A senior Anglican Church leader in Nigeria told the BBC that Christian leaders damaged efforts to combat the threat of Boko Haram due to their failure to engage in dialogue with Muslims.
Nigerian Archbishop Josiah Idowu-Fearon, who is the new secretary-general of the Anglican Communion, told the BBC that Christians had feared the country was being “Islamised”. They believed that Muslim leaders were supporting the militants, he continued.
In the past, Boko Haram has targeted both Muslims and Christians in their efforts to enforce Islamic law in the northern part of Nigeria.
Since the beginning of the groups insurgency in 2009 they have killed about 10,000 people and kidnapped hundreds of women and girls, the BBC reported.
The BBC’s John McManus said that Archbishop Idowu-Fearon has a reputation for promoting dialogue between the Christian and Muslim communities.

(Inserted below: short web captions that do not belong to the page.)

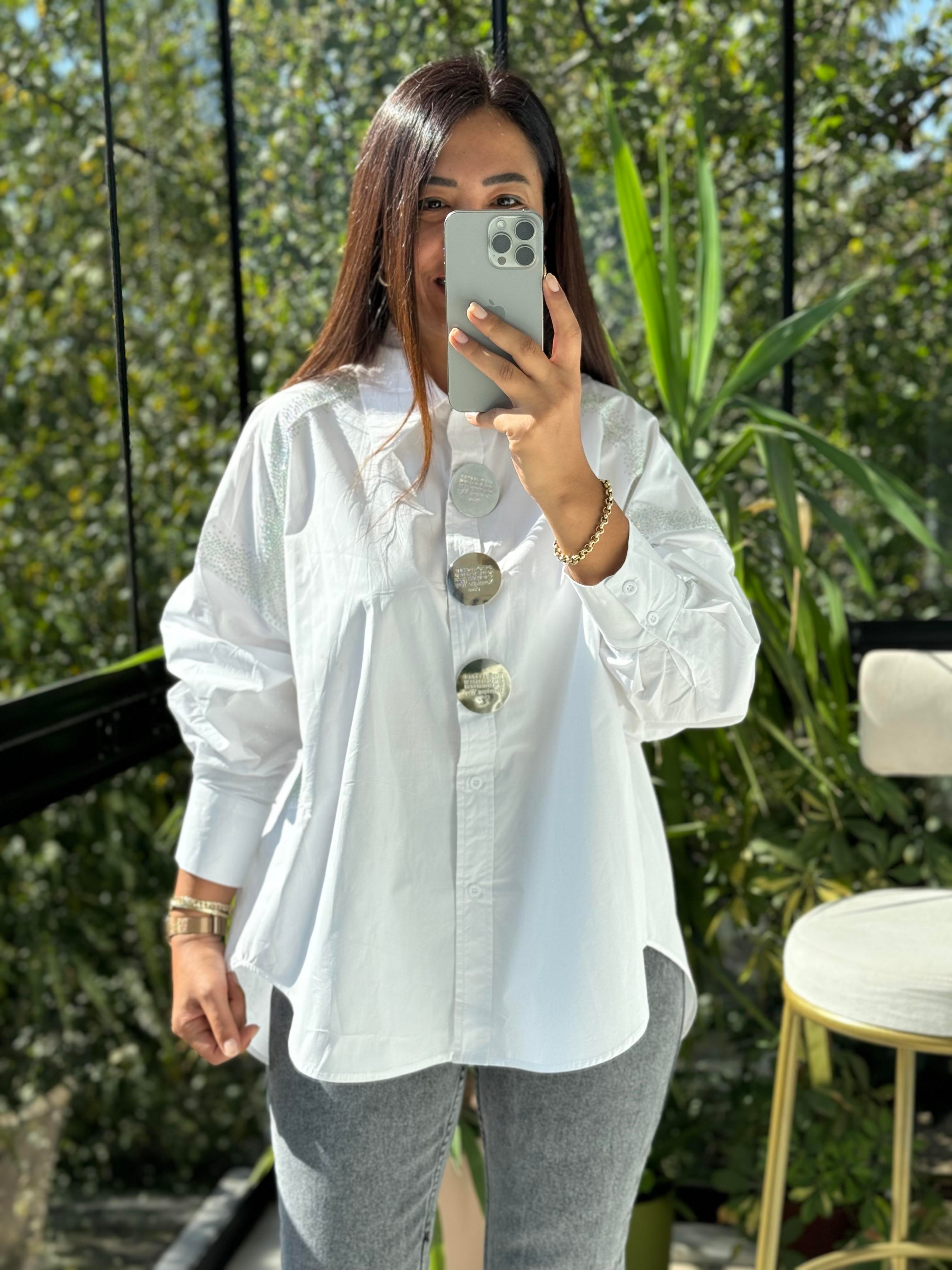 İthal Pullu Broş Detaylı Gömlek Beyaz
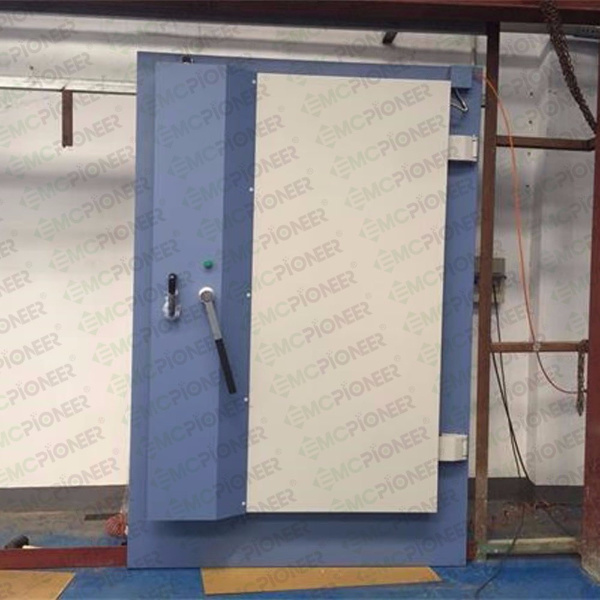 Emcpioneer EMI Shielding Door for RF Shielding Cage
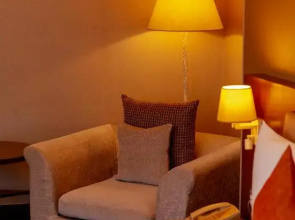 Parkside Hotel & Apartments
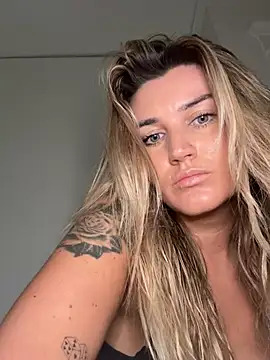 thebeachyblonde online show from 07.14.26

The Archbishop told McManus that efforts to preserve peace and open dialogue between the two religious groups were being undermined by some fellow Christians as they were not willing to engage with their Muslim counterparts.
“We warned the leadership in my country, the Christian Association of Nigeria: ‘Let us listen to the Muslim leadership, because the leadership is not in support of Boko Haram.’
“‘Oh no no no,’ they said, ‘they are always deceiving us. They are all the same,'” he said.